Todo lo anterior lo publiqué, a comienzos de la semana que hoy concluye, en mi muro de Facebook. Y generó un entusiasta, y lo mejor, respetuoso, debate asociado al cómo haremos para emprender con nuevos bríos y por otros caminos la lucha democrática. Ahora trataré de continuarlo desarrollando dos tesis básicas.

La primera tesis se resume en una petición: “¡No nos engañemos más y aceptemos que perdimos la guerra!”. En una conclusión, la segunda: “Nadie está limpio de responsabilidad, todos fuimos derrotados, pasemos la página y comencemos a construir una manera absolutamente nueva de hacer la resistencia al totalitarismo del siglo XXI».  

III

Es una obligación reconocer de una vez por todas que sí, que en Venezuela hubo una guerra. Que podemos llamarla como sea. Atípica. Sui generis. Bastarda. O asimétrica. “Estado armado contra pueblo sin armas”. “Goliat malandro contra David pendejo”. Pero la guerra ocurrió y los demócratas la perdimos. Aceptarlo es el primer paso en la recuperación. 

No es hora de tomar nuevos atajos sino de lamernos las heridas. De indagar en la dimensión de los daños. Los asesinados en manifestaciones. Y los heridos. Los encarcelados, exiliados, torturados. Los partidos y organizaciones civiles ilegalizados. El número de empresas quebradas, expropiadas, saqueadas. Los hospitales y las escuelas que ya no existen. Los puentes que se cayeron. Las universidades menguadas. Los condenados a muerte por la escasez de medicinas. Los 4 millones de emigrantes. Las comunidades indígenas diezmadas por sarampión y  tifoidea. Tu tristeza y la mía.

IV

La segunda tesis es una consecuencia de la primera: hay que cerrar todas las páginas abiertas e incursionar en maneras definitivamente nuevas de hacer política. Ha llegado la hora del Ave Fénix. Cuatro pasos: aceptar la derrota; reconocer la ingenuidad; mirar a los ojos la maldad infinita, la fealdad monstruosa, el corazón con púas, la bestialidad infrahumana, pero también el poderío que le da la ausencia de escrúpulos, del monstruo al que nos enfrentamos. Y sobre esa base, sobre ese reconocimiento, comenzar de nuevo. 

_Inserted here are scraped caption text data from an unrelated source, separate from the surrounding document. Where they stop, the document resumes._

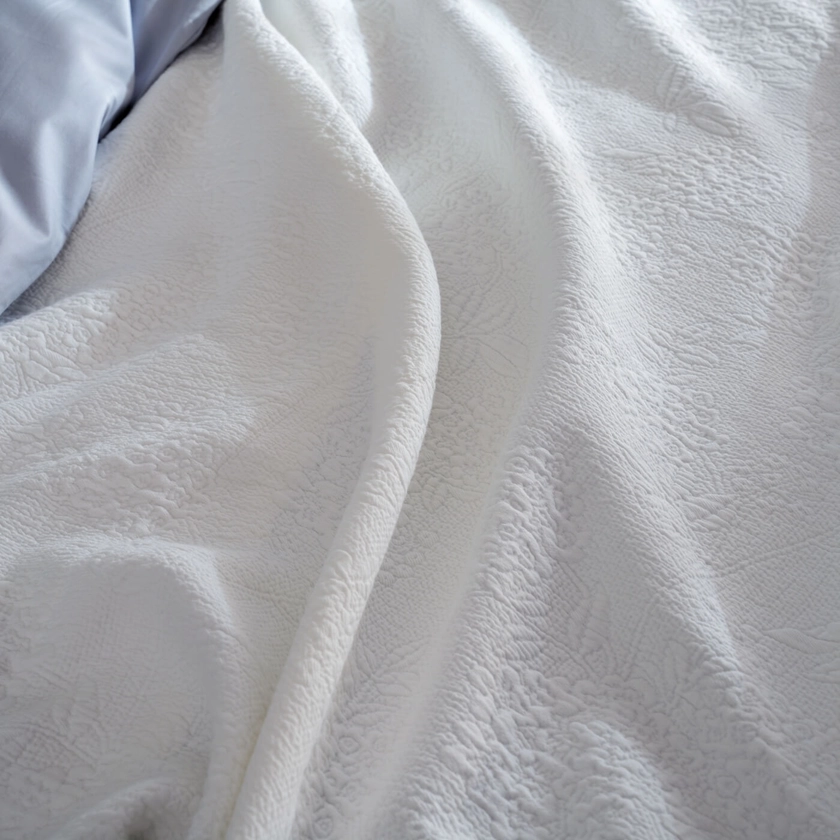 White Floral Matelasse Cotton King/Superking Bedspread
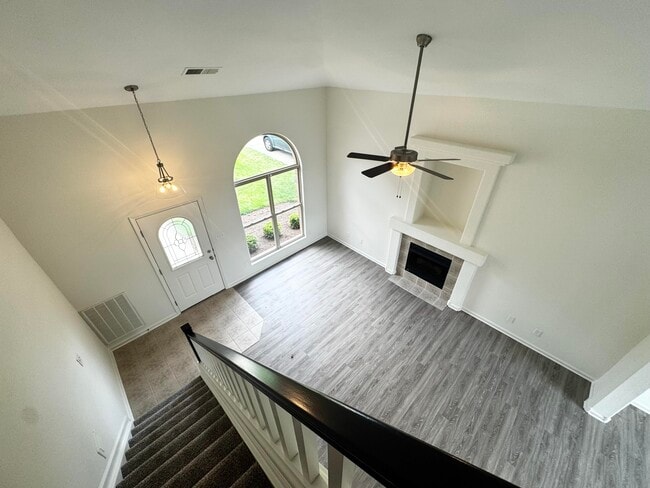 Building Photo - 409 Ella Rae Ln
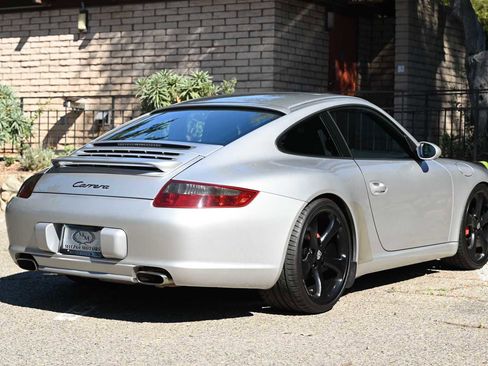 Used 2005 Porsche 911 Carrera image 5
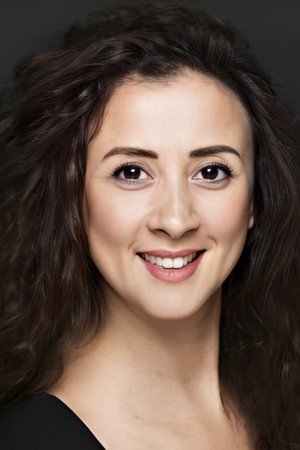 İrem Kahyaoğlu photo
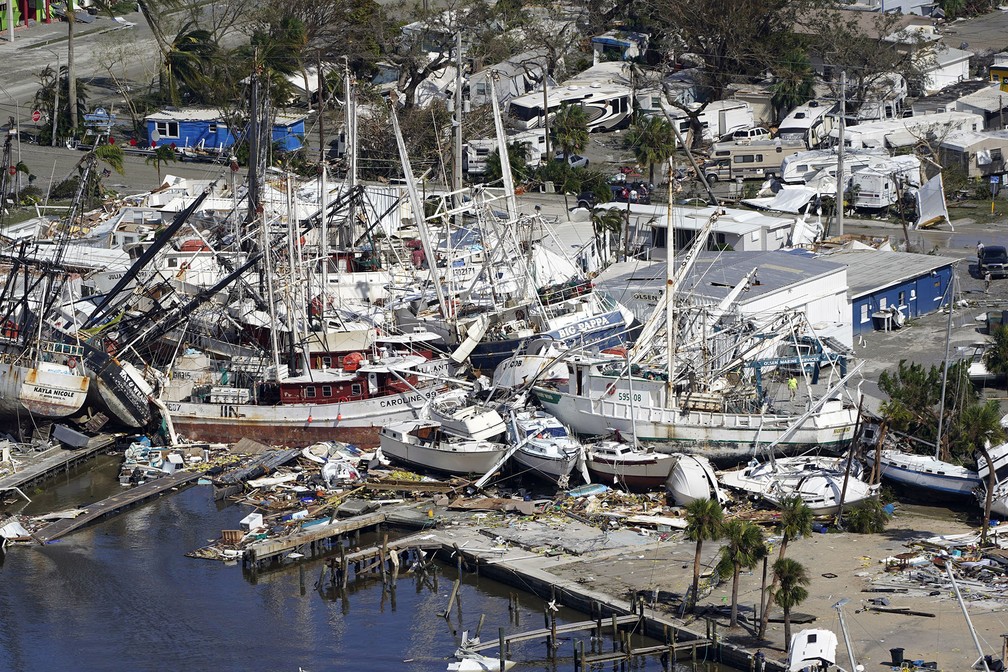 Barcos e destroços ficaram amontoados à beira da água depois da passagem do furação Ian em Fort Myers, Flórida — Foto: Wilfredo Lee/AP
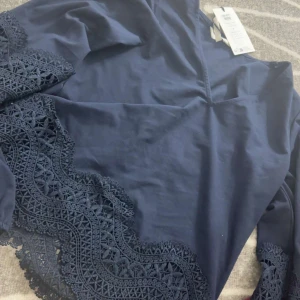 Mörkblå blus med spets från Object🤍 - säljer super snygg mörkblå blus med spets detaljer från object!🤍 toppskick & helt ny me prislapp💕 den sitter fint🥰
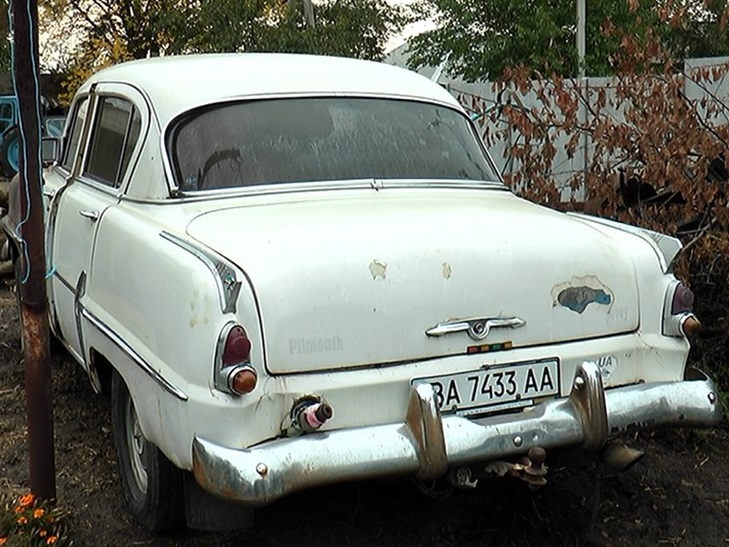 Американський раритет: Як виглядає єдиний в Україні "Плімут Савой" 1954 року випуску - фото 2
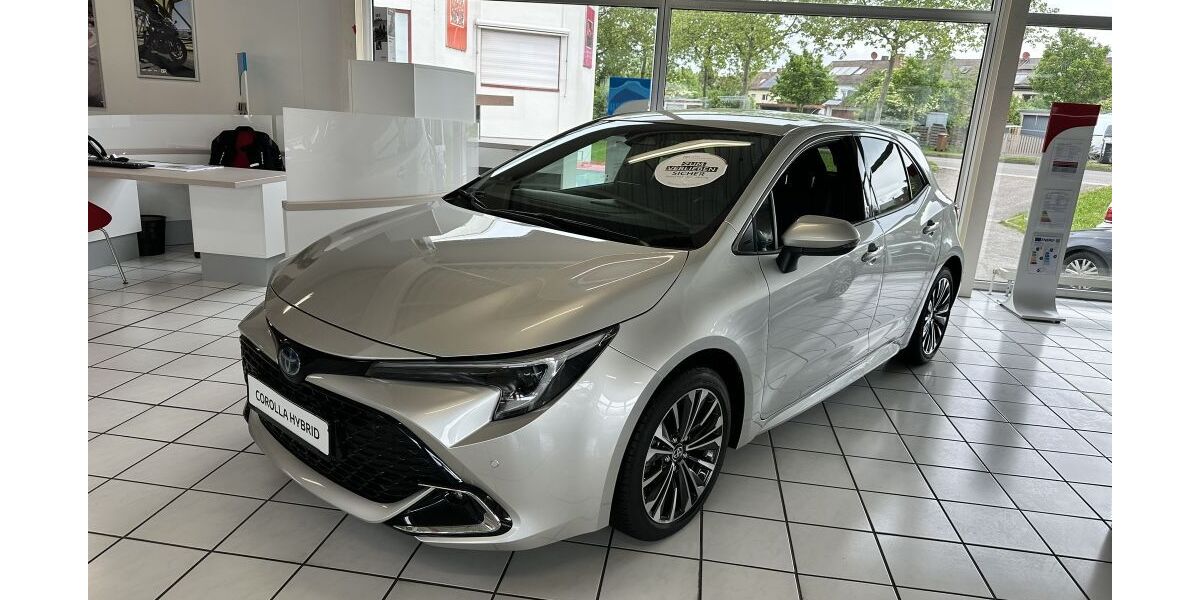 Toyota Corolla 11.257 km 26.990 &euro; Freiburg 79111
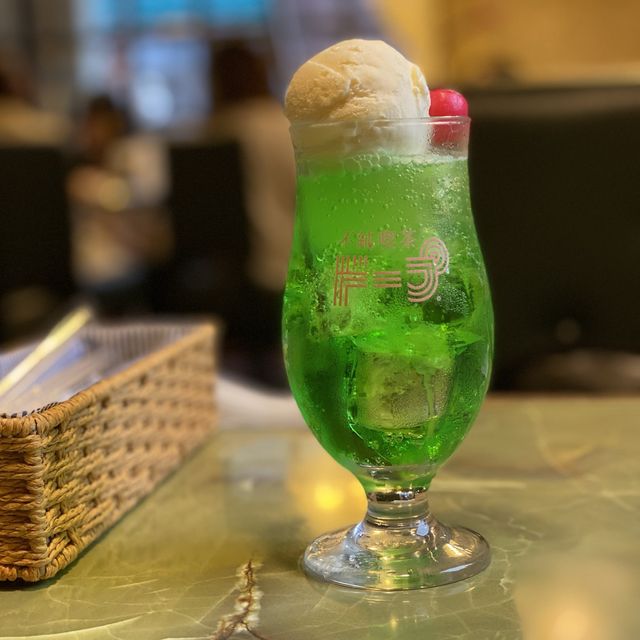 昭和レトロだけど今っぽい 不純喫茶ドープ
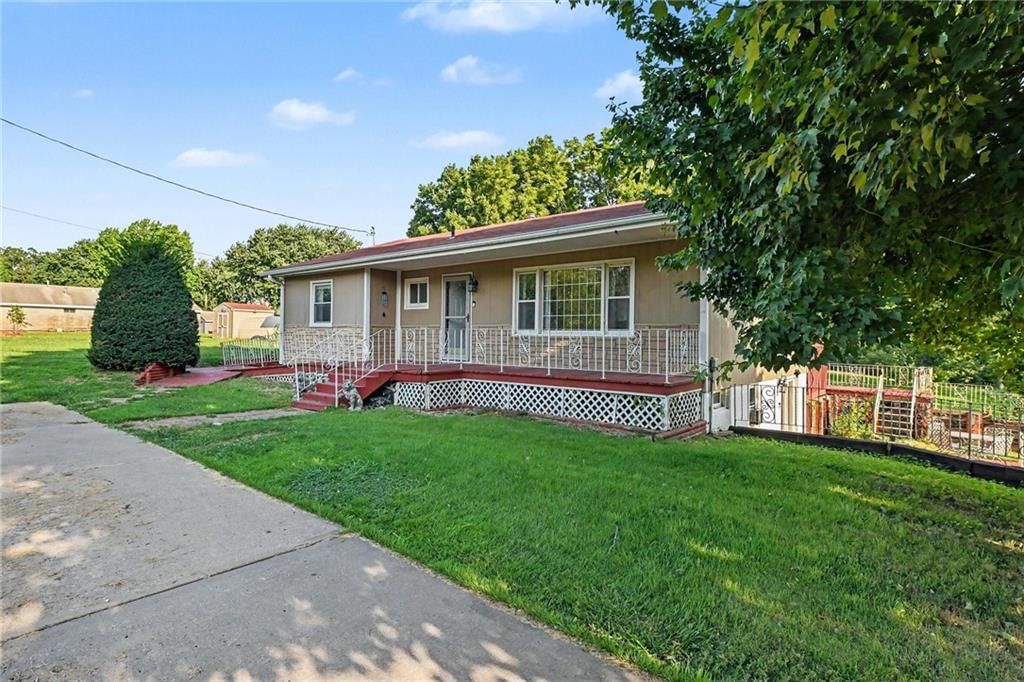 2921 Pear Street — photo 2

Mirar atrás solo para aprender. Porque ninguno de los bandos democráticos puede demostrar que su línea era la correcta. Fallaron quienes intentamos la vía electoral, el golpe de Estado, la insurrección popular callejera. También quienes aguardaban a los marines. La derrota es lo único compartido. Lo demás es suposición.

Las vías que conocimos ya no tienen sentido frente a un régimen que, por mantenerse en el poder, ha violado a su antojo la Constitución, reprimido sin piedad a sus connacionales y puesto en riesgo la propia existencia de la nación.

Hubo un tiempo cuando la dirigencia se peleaba los camarotes preferenciales del Titanic mientras, unas leguas marinas adelante, el iceberg aguardaba en silencio. Ahora ya es de madrugada. El trasatlántico está a punto de desaparecer tragado por las aguas. Lo único disputable son los botes salvavidas. Solo queda aprender a remar juntos. O por lo menos sin interferir en el remo de los otros.